Once shantay is done downloading and summarizing the daily releases for 2023, you'll find a db.parquet file in the archive's root directory. It contains the summary statistics at day-granularity. To visualize that same data, execute:

$ uvx shantay --archive <directory> visualize

Once finished, you'll find an db.html document with all charts in the default staging directory dsa-db-staging. (The linked version covers far more data.)

Alas, three months of data from the beginning of the DSA transparency database aren't particularly satisfying. Shantay ships with a copy of the summary statistics for the entire database. To visualize them, execute:

$ uvx shantay visualize

Now look at the db.html again: Much better!

2. Using Shantay

The summarize and visualize tasks cover almost all of Shantay's functionality. Nonetheless, Shantay supports a few more tasks for fine-grained control and data recovery. Here are all of them:

  • download makes sure that daily distributions are locally available, retrieving them as necessary. This task lets your prepare for future --offline operation by downloading archives as expediently as possible and not performing any other processing.
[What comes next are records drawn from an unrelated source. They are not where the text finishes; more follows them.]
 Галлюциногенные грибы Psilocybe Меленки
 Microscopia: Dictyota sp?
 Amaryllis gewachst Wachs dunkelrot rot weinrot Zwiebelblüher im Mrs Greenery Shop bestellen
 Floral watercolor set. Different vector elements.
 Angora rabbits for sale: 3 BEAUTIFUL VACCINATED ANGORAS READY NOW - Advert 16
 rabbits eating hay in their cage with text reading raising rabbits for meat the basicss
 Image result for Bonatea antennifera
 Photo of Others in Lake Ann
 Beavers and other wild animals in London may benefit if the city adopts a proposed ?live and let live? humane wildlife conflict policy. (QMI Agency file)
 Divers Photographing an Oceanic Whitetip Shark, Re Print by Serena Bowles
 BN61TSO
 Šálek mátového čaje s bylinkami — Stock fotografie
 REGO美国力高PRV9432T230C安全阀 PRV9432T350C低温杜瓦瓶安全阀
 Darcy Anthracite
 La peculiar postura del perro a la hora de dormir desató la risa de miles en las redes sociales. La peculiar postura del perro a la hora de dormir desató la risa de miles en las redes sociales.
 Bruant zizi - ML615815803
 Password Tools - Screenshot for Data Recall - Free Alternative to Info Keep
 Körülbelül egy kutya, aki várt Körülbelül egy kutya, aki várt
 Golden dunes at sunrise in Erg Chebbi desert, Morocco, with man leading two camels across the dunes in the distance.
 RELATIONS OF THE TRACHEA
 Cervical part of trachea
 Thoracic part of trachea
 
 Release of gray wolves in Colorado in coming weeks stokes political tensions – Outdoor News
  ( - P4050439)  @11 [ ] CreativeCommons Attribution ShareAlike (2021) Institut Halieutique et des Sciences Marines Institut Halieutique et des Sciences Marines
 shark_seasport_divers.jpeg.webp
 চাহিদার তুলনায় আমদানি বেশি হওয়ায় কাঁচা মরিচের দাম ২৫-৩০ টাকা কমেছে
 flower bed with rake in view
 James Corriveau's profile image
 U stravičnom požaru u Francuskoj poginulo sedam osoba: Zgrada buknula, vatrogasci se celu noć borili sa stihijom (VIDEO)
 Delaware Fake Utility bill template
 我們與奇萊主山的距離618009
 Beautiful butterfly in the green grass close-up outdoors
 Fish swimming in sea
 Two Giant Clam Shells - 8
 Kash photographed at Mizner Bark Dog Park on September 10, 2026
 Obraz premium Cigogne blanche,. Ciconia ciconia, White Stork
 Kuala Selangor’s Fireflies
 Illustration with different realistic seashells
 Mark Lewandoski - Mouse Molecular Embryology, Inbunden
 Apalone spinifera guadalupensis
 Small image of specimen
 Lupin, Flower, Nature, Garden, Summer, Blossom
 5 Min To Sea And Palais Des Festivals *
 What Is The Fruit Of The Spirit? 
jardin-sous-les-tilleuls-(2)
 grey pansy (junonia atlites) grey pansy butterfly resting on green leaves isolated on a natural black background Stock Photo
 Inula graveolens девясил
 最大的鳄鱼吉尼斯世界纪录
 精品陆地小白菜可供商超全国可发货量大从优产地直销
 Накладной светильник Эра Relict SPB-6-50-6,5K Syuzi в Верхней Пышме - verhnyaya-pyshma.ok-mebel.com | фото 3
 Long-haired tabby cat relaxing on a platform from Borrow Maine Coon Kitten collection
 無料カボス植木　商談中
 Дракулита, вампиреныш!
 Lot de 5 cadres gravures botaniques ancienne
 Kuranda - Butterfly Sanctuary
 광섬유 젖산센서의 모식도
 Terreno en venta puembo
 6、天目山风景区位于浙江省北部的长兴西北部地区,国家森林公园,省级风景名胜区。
  • distill extracts a filtered subset from daily distributions. It requires both the --archive and --extract directories. For a new extract, it also requires one of these options:

    • --category to select a statement category such as STATEMENT_CATEGORY_PROTECTION_OF_MINORS.
    • --platform to select a platform; use further --platform options for selecting more than one.
    • --filter to select all statements matching a Pola.rs filter expression; pl is the only available binding. Still, it would be folly to pass an untrusted string as filter argument.

    The filter and other metadata are stored in a JSON file in the extract directory.

  • recover scans the --extract directory to validate the files and restore (some of the) metadata.

  • summarize collects summary statistics either for the full database or a category-specific subset, depending on whether --archive only (for the full database) or both --archive and --extract (for a subset) are specified. If you specify neither, Shantay materializes the builtin copy of the summary statistics in staging. You can customize the summary statistics with the following options:

    • --stratify-by-category instructs Shantay to break down all statistics by both statement category and platform instead of platform only.
    • --stratify-all-text instructs Shantay to determine value counts for the DSA transparency DB's content_id_ean, illegal_content_legal_ground, illegal_content_explanation, incompatible_content_ground, incompatible_content_explanation, and decision_facts columns instead of simply counting non-empty rows.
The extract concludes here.